There are two main lines of thinking when it comes to disaster relief. The first centers on what we can do to prepare ourselves before a disaster strikes. Data science is already used a great deal in the realm of disaster preparedness—we can use predictive analytics to build complex weather models that track tsunamis, hurricanes, earthquakes, and so on. But when a disaster strikes, one of the most important factors in recovery is the speed of information. How do we collect a large amount of data, how do we process it very quickly, and most importantly, how do we get it into the hands of the people who need it most?

Take the 2011 tsunami in Japan. We had some advance warning of what was going to happen, but it could have been better. The response has been good—we’ve ramped up the number of ocean buoys and ground sensors that collect information about wind and wave patterns and faultlines and stress. Data science handles the processing of that information. The issue then falls to getting information into the hands of people who need it.

It’s a hardware problem. Earthquakes are notoriously difficult to predict, but progress is being made. Seismologists are developing something known as the ShakeAlert system, which issues a public warning from the United States Geological Survey when an earthquake is detected somewhere the West Coast. When a magnitude 6 earthquake hit Napa, California last year, ShakeAlert issued a ten-second warning.

But ShakeAlert’s warning came in the form of a computer pop up. “I tried out the alert system on my laptop,” said UC Berkeley professor Joshua Bloom, “but realized that when my laptop was closed or when it wasn’t close by I wouldn’t be alerted.”

“I tried out the alert system on my laptop, but realized that when my laptop was closed or when it wasn’t close I wouldn’t be alerted.”

In response, Bloom hacked together a simple earthquake alarm for just over $100—a Raspberry Pi single-board computer, a wired speaker, a mini-WiFi adapter, and an SD card, all housed in a cardboard food container from a local restaurant. The alarm received the ShakeAlert warning and informed Bloom without him having to be on his computer.

Bloom’s alarm serves as a proof of concept for something he thinks should be a fixture in all potentially at-risk homes. We already have smoke and carbon monoxide detectors, why shouldn’t we have a disaster alert system as well? 10 seconds might not seem like a lot of time, but for many it can mean the difference between life and death. It could give something the chance to get to a safe part of their building, or maybe stop operating a piece of heavy machinery.

Collection is Key

We’ve gotten a lot better at predicting disasters, but unfortunately nailing the exact time something is going to happen is almost impossible. There’s an enormous number of variables in play, and nature is a thing we still don’t fully understand. Predictive modeling can only get so good, and no matter how prepared we are, disasters still happen. This brings us to the second methodology: what can be done after a disaster strikes.

In the wake of a disaster like the recent earthquakes in Haiti and Nepal, one of the biggest issues is getting aid into the hands of people who need it most. Infrastructure is down, and people have limited access to Internet, basic electricity, even water. The currency is information. You’re trying to find people, find supplies, direct aid—how do you coordinate and get people the information they need to act accordingly?

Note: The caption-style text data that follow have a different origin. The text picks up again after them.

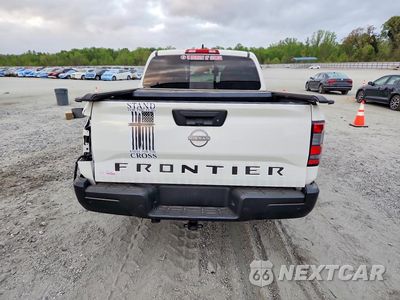 Zdjęcie 11 z 24 samochodu: 2026 NISSAN FRONTIER S VIN:1N6ED1EJ6TN600446 - miniatura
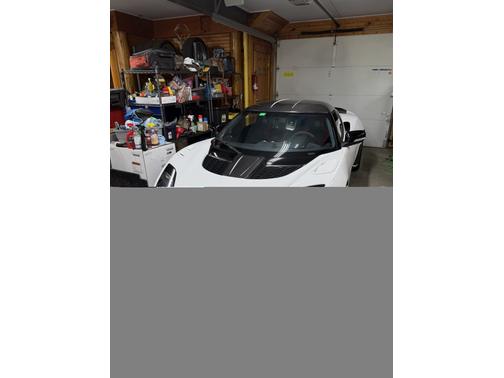 2020 Lotus Evora GT RWD
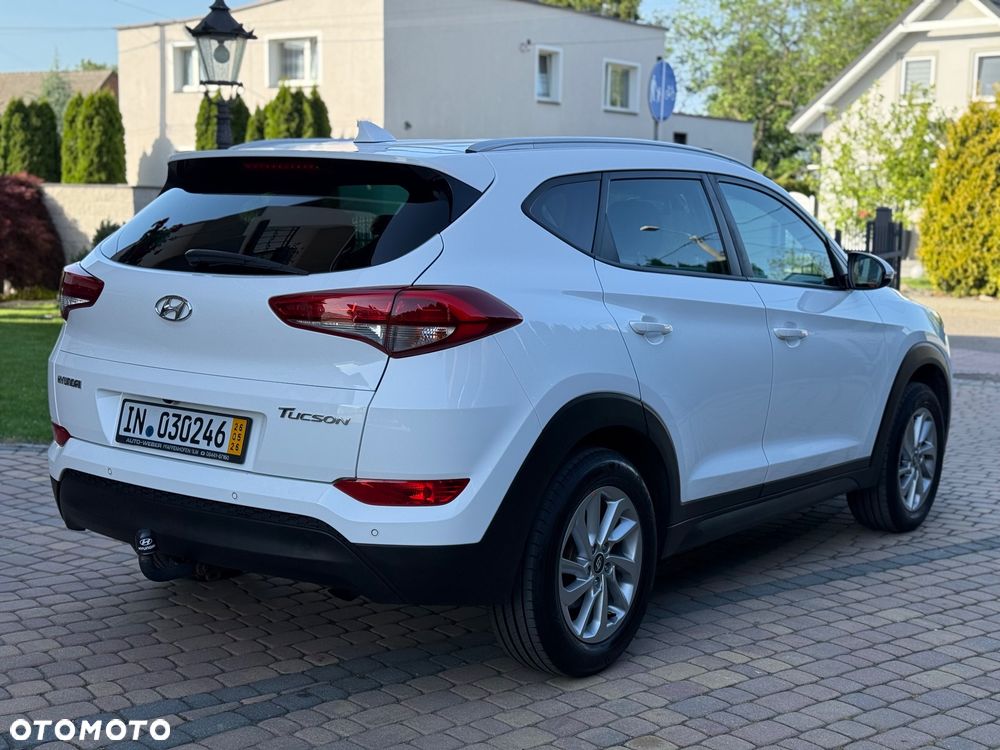 Hyundai Tucson 1.6 GDi 2WD Style - 7
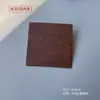 Tarjeta de Papel para Pendientes Estilo Madera Grano de Madera Pendientes Personalizados Collar Pinzas para el Cabello Gomas para el Cabello Accesorios para el Cabello Pulseras Anillos Broches Portatarjetas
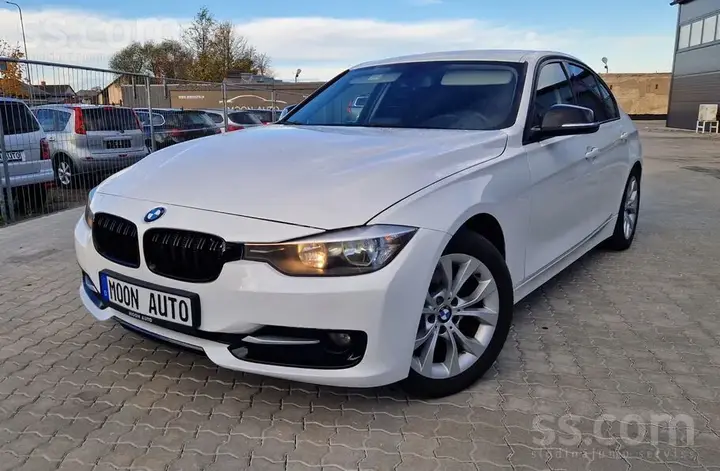 BMW 320D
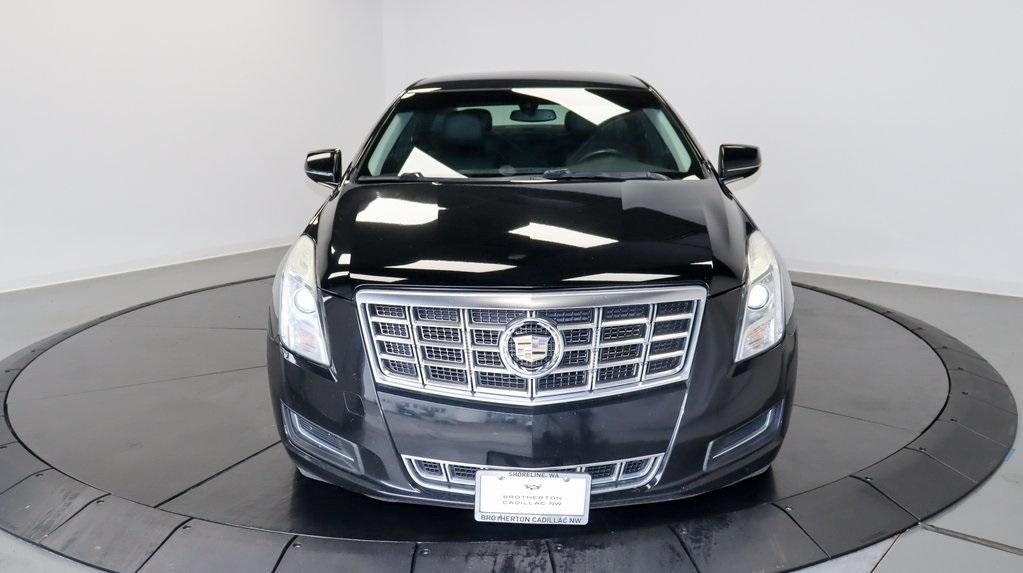 2015 Cadillac XTS Standard
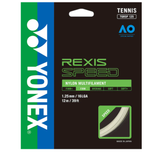 Yonex Rexis Speed 16L/1.25 Multifilament Poly Tennis String (Natural)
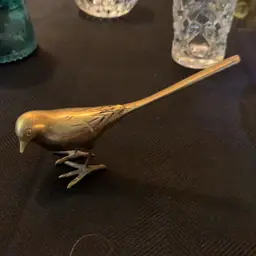 Brass Bird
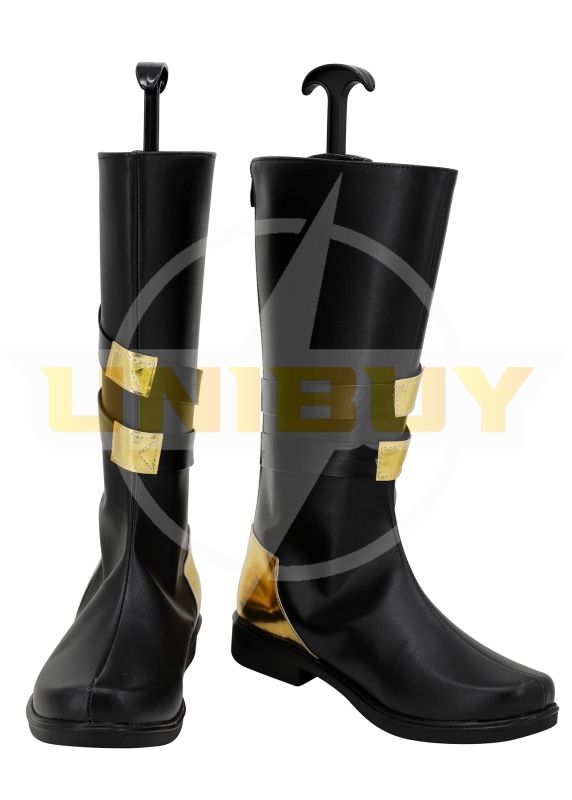 Arknights Mlynar Shoes Cosplay Men Boots Unibuy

It’s here where data science can help a great deal.

How do you coordinate and get people the information they need to act accordingly? It’s here where data science can help a great deal.

“You can apply a lot of the same things that we use to make our economies better,” said Ryan Orban, Galvanize VP of business operations and expansion. “Usually you’re looking at users and whether or not they’re going to churn or leave your site—you can do the same thing, but look at which people are going to be the most responsive to aid, or who are going to need it the most.”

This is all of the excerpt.